## Your objective
Say how many lines of the listing below include the word "كامله", with no other output.

::::

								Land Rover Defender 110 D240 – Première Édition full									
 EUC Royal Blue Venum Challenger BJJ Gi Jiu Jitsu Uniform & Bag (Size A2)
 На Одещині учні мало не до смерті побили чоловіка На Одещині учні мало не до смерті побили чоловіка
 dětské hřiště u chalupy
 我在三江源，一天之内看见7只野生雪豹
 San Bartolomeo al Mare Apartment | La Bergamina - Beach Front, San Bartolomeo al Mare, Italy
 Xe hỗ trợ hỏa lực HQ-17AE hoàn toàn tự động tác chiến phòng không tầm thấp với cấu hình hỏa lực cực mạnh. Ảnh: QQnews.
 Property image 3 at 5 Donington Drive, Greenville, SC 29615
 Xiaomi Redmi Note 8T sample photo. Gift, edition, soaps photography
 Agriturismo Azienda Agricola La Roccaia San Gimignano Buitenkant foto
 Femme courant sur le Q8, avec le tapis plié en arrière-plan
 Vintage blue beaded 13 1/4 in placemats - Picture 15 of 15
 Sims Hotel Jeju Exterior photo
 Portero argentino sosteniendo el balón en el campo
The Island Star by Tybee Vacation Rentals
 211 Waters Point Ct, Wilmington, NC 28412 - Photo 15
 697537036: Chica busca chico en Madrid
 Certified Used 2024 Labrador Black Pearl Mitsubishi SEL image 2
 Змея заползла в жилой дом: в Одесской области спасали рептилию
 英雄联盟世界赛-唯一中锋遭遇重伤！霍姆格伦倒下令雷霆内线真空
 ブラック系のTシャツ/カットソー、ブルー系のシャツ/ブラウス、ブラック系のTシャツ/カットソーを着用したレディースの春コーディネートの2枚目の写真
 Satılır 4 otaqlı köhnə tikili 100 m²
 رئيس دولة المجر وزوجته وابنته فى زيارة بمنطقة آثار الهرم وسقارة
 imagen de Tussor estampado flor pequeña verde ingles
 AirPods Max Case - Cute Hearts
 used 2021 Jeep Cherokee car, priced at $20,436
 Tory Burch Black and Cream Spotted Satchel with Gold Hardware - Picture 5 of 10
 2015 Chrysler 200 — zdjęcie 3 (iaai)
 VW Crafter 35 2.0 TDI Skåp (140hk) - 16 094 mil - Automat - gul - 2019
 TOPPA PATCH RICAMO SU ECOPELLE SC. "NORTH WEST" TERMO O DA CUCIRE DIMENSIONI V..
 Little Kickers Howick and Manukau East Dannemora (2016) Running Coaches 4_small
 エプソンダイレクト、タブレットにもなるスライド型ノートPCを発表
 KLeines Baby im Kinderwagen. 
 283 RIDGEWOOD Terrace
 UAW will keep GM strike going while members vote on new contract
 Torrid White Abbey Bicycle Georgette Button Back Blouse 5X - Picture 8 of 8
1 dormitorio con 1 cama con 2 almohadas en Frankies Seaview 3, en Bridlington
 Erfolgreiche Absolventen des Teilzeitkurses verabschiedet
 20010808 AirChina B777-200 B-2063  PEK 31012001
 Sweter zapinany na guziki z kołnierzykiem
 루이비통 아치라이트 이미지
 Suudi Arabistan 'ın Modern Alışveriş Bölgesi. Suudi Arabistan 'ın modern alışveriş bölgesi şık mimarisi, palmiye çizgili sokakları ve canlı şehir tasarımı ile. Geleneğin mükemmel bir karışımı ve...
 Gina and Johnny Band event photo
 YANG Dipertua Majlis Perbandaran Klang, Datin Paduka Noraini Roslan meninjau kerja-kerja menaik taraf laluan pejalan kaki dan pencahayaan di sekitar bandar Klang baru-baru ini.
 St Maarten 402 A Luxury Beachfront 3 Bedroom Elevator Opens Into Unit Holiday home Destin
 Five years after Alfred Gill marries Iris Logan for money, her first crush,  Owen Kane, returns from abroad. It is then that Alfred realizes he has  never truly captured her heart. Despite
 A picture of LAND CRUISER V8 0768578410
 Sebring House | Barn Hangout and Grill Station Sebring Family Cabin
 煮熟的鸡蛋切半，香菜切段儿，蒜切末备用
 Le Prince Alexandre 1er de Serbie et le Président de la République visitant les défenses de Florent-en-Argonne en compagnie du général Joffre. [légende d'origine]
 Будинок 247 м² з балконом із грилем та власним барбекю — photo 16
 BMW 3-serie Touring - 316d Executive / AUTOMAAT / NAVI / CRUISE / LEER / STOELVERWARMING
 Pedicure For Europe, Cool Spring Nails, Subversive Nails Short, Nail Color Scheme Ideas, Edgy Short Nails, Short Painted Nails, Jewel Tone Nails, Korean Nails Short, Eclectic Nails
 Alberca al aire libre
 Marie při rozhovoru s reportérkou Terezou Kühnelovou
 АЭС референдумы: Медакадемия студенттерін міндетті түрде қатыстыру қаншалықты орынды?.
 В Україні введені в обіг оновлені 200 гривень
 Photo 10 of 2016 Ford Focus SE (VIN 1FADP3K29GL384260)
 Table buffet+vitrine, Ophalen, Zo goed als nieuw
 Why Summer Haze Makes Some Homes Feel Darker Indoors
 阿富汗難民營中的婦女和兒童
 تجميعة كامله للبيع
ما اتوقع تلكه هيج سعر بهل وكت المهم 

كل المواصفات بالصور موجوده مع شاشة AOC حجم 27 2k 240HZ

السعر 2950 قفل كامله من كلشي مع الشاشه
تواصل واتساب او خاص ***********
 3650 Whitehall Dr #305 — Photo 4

::::

## Answer for this exercise
2